Question

A tube $1{\text{cm}}^2$ in cross section is attached to the top of a vessel $1\text{cm}$ high and of cross section $100{\text{cm}}^2$. Water is poured into the system filling it upto a height of $100\text{cm}$ above the bottom of the vessel as shown in the figure. Take $g=10{\text{m/s}}^2$. Find the correct statement.

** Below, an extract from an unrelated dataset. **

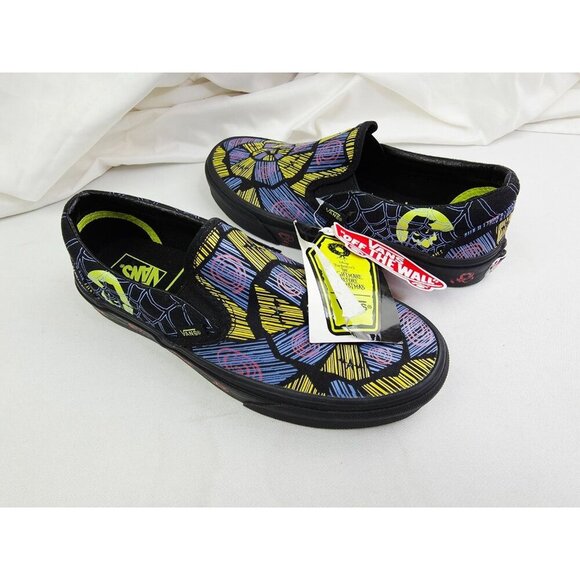 Vans Disney The Nightmare Before Christmas Oogi Boogie Size Womens 7.5 Men 6 NWT - Picture 11 of 13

Take atmospheric pressure $P_0={10}^5\text{bar}$.

• A. The force exerted by the water against the bottom of the vessel is $1100\text{N}$.
• B. The weight of water in the system is $1.99\text{N}$.
• C. Both (a) and (b) are correct.
• D. Neither (a) nor (b) is correct.

Answer 1

The correct option is C Both (a) and (b) are correct.

Force exeted by the water against the bottom of the vesel $F_{\text{base}}=P_{\text{base}}\times$ Area of base
$P_{\text{base}}=P_0+{\rho }_{w}gh$
$={10}^5+{10}^3\times 10\times \left[\frac{(99+1)}{100}\right]$
[$\because h=(99+1)\text{cm}=1\text{m}$]
$=1.1\times {10}^5{\text{N/m}}^2$

$\text{Area of base}=100\times {10}^{-4}{\text{m}}^2$ [given]
$\therefore F_{\text{base}}=1.1\times {10}^5\times {10}^{-2}=1100\text{N}$


Weight of the water in the system
$=\text{Weight of water in tube of cross-sectional area}1{\text{cm}}^2\text{+ Weight of water in vessel of cross-sectional area}100{\text{cm}}^2$
i.e $W_{\text{system}}=W_{\text{tube}}+W_{\text{vessel}}$
$=\rho g{V}_1+\rho g{V}_2$
$={10}^3\times 10\times [V_1+V_2]$
$={10}^4\times [99\times 1+1\times 100]\times {10}^{-6}$
$=1.99\text{N}$